Leave out the pictures and transcribe the rest of the records exactly.

(DATA FOR THE TASK Opens)

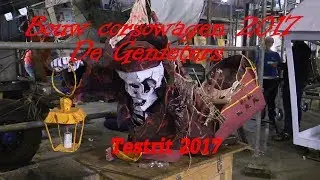 Testrit corsowagen de Genieters 2017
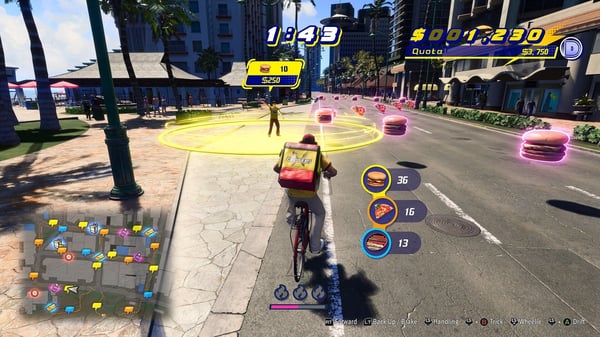SEGA Like a Dragon: Infinite Wealth, PlayStation 4, M (Mature), Fyysinen media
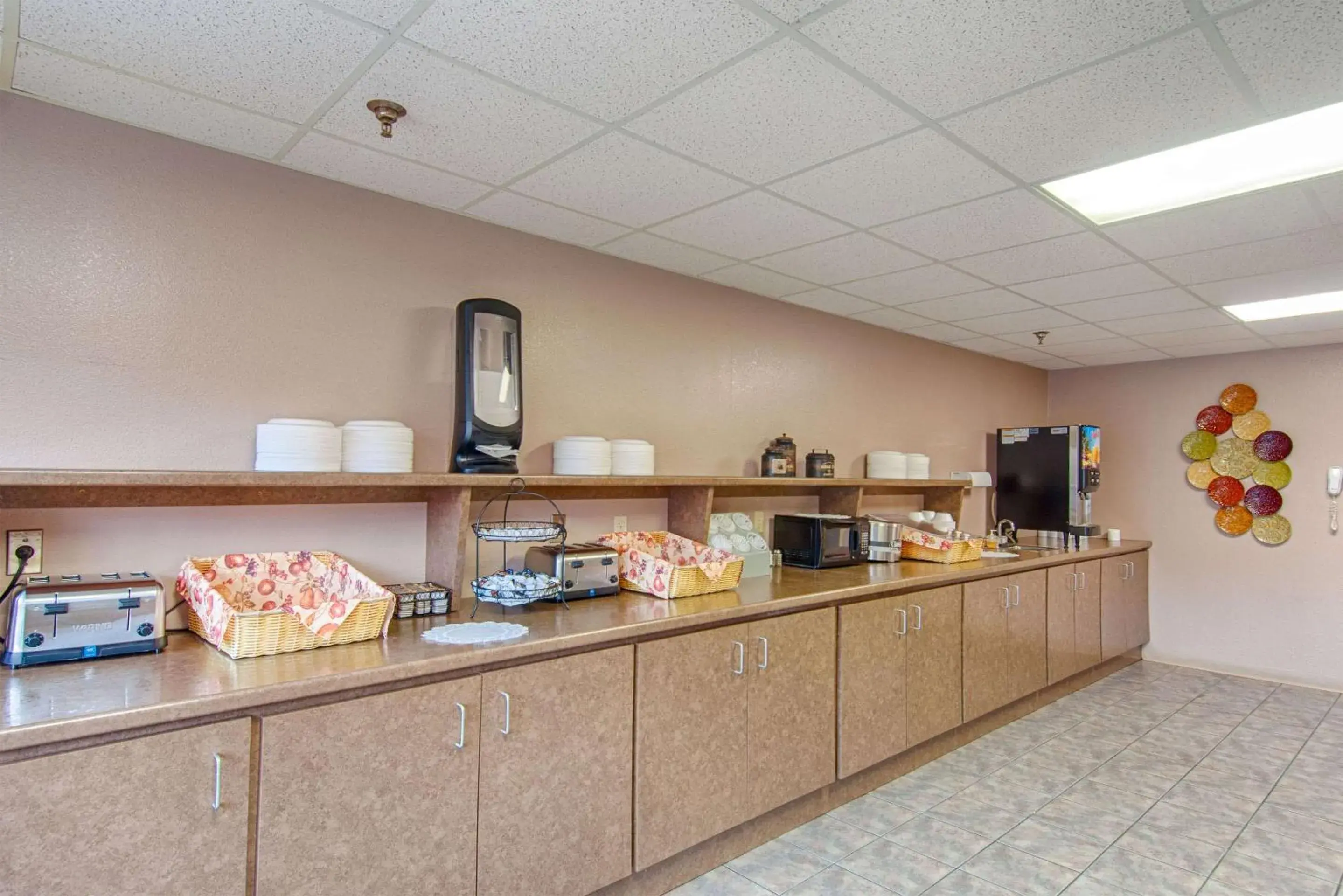 Breakfast in Park Tower Inn Breakfast in Park Tower Inn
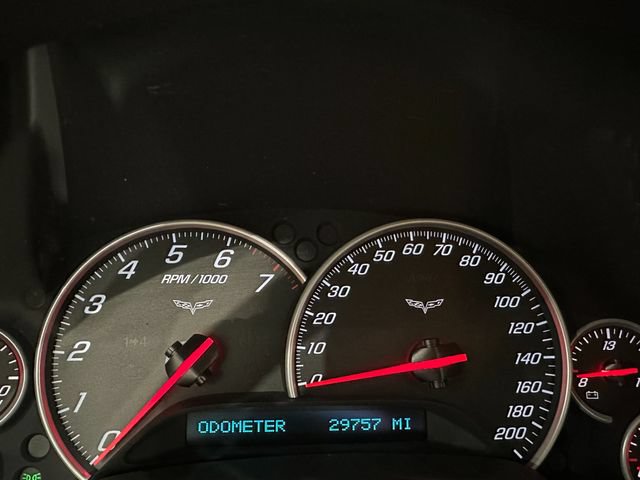 Used 2012 Chevrolet Corvette Convertible RWD image 28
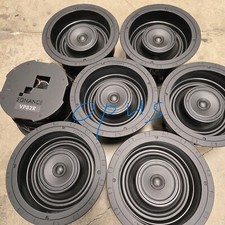 Sonance VP82R 8" 3-Way In-Ceiling Speakers Each Used, No Grille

(DATA FOR THE TASK Closes)

__SOLVED EXERCISE__:
 Testrit corsowagen de Genieters 2017
SEGA Like a Dragon: Infinite Wealth, PlayStation 4, M (Mature), Fyysinen media
 Breakfast in Park Tower Inn Breakfast in Park Tower Inn
 Used 2012 Chevrolet Corvette Convertible RWD image 28
 Sonance VP82R 8" 3-Way In-Ceiling Speakers Each Used, No Grille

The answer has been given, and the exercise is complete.